A word-for-word copy of the data, with no images, is the required answer.

*RECORDED INFORMATION*
=-=-=

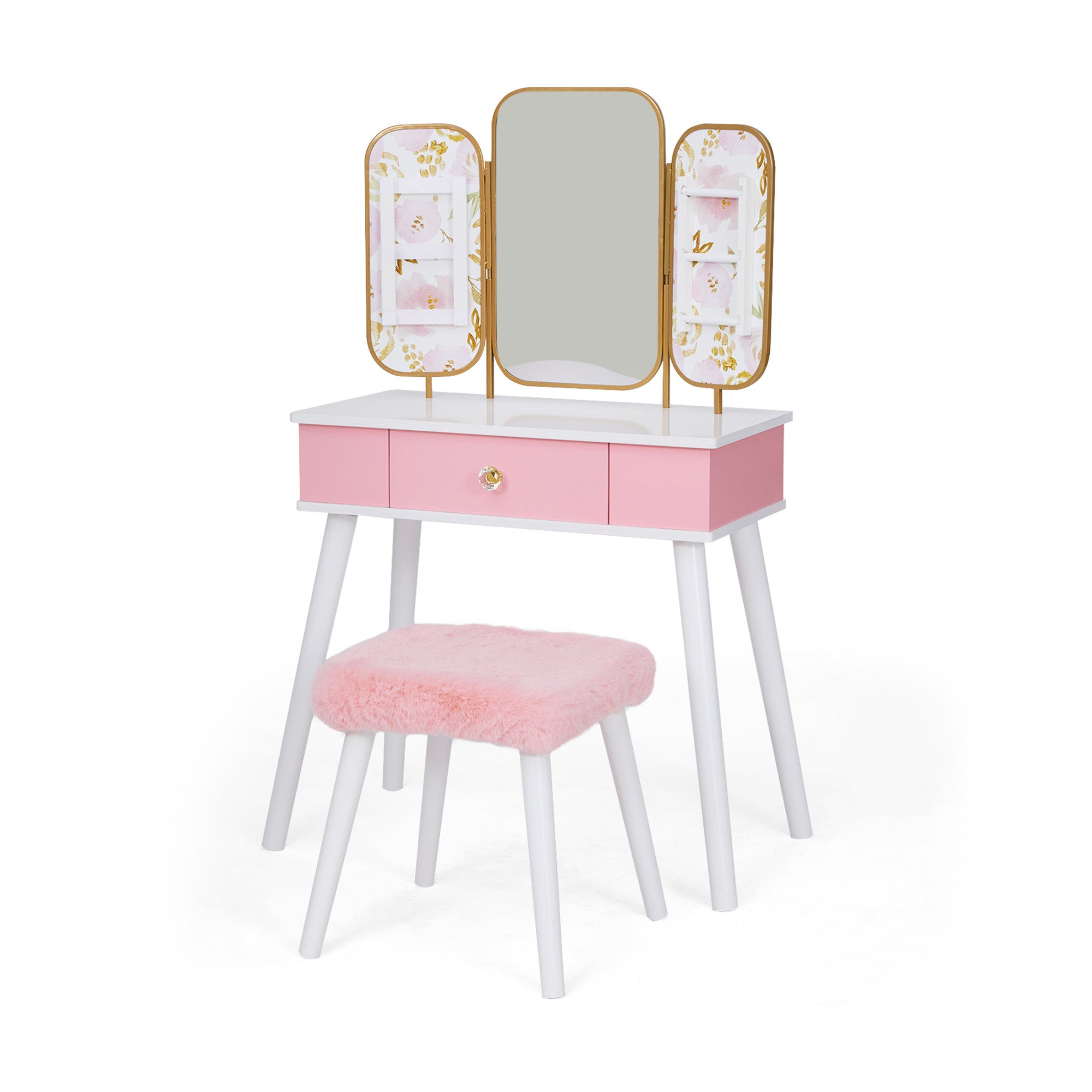 Fantasy Fields Little Lady Izabel Medium Floral Play Vanity Set with Matching Stool & Removable Faux Fur Cover, Floral Printed Panels, & Storage Drawer, White/Pink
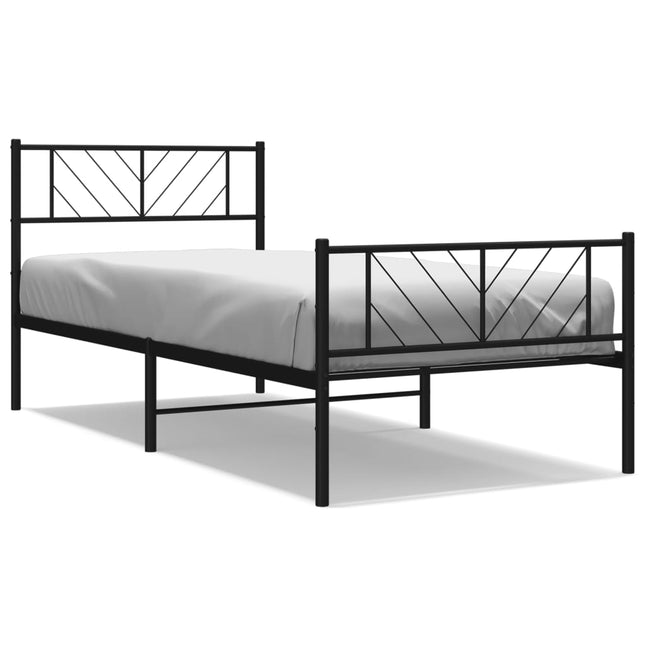 sengeramme med sengegavl og fodgærde 80x200 cm metal sort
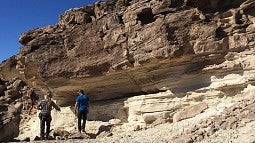Layers of deposited sands indicating ancient tidal action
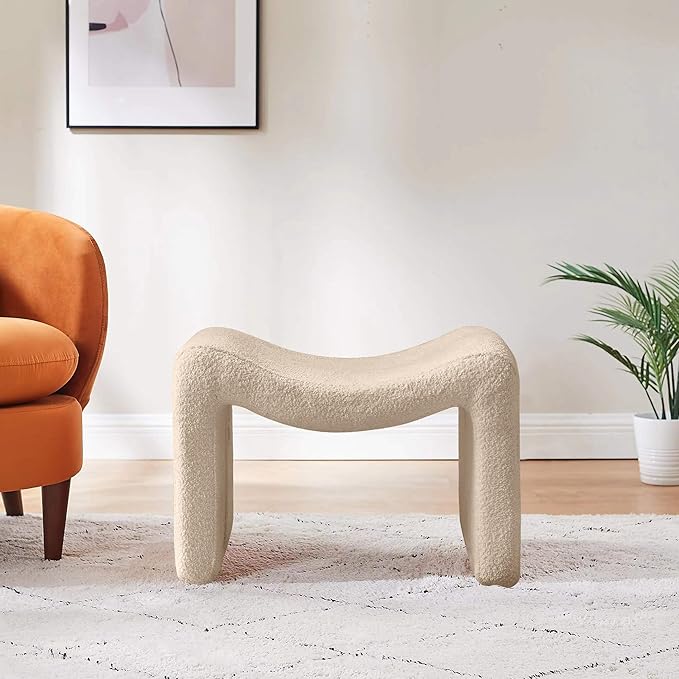 Small Footstool Ottoman, Multi-Functional Modern Foot Stool, Sofa Footrest Extra Seating for Living Room, Entryway, Hallways and Bedrooms, Small, Camel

=-=-=

*SOLUTION FOR THIS EXERCISE*
 Fantasy Fields Little Lady Izabel Medium Floral Play Vanity Set with Matching Stool & Removable Faux Fur Cover, Floral Printed Panels, & Storage Drawer, White/Pink
 sengeramme med sengegavl og fodgærde 80x200 cm metal sort
Layers of deposited sands indicating ancient tidal action
 Small Footstool Ottoman, Multi-Functional Modern Foot Stool, Sofa Footrest Extra Seating for Living Room, Entryway, Hallways and Bedrooms, Small, Camel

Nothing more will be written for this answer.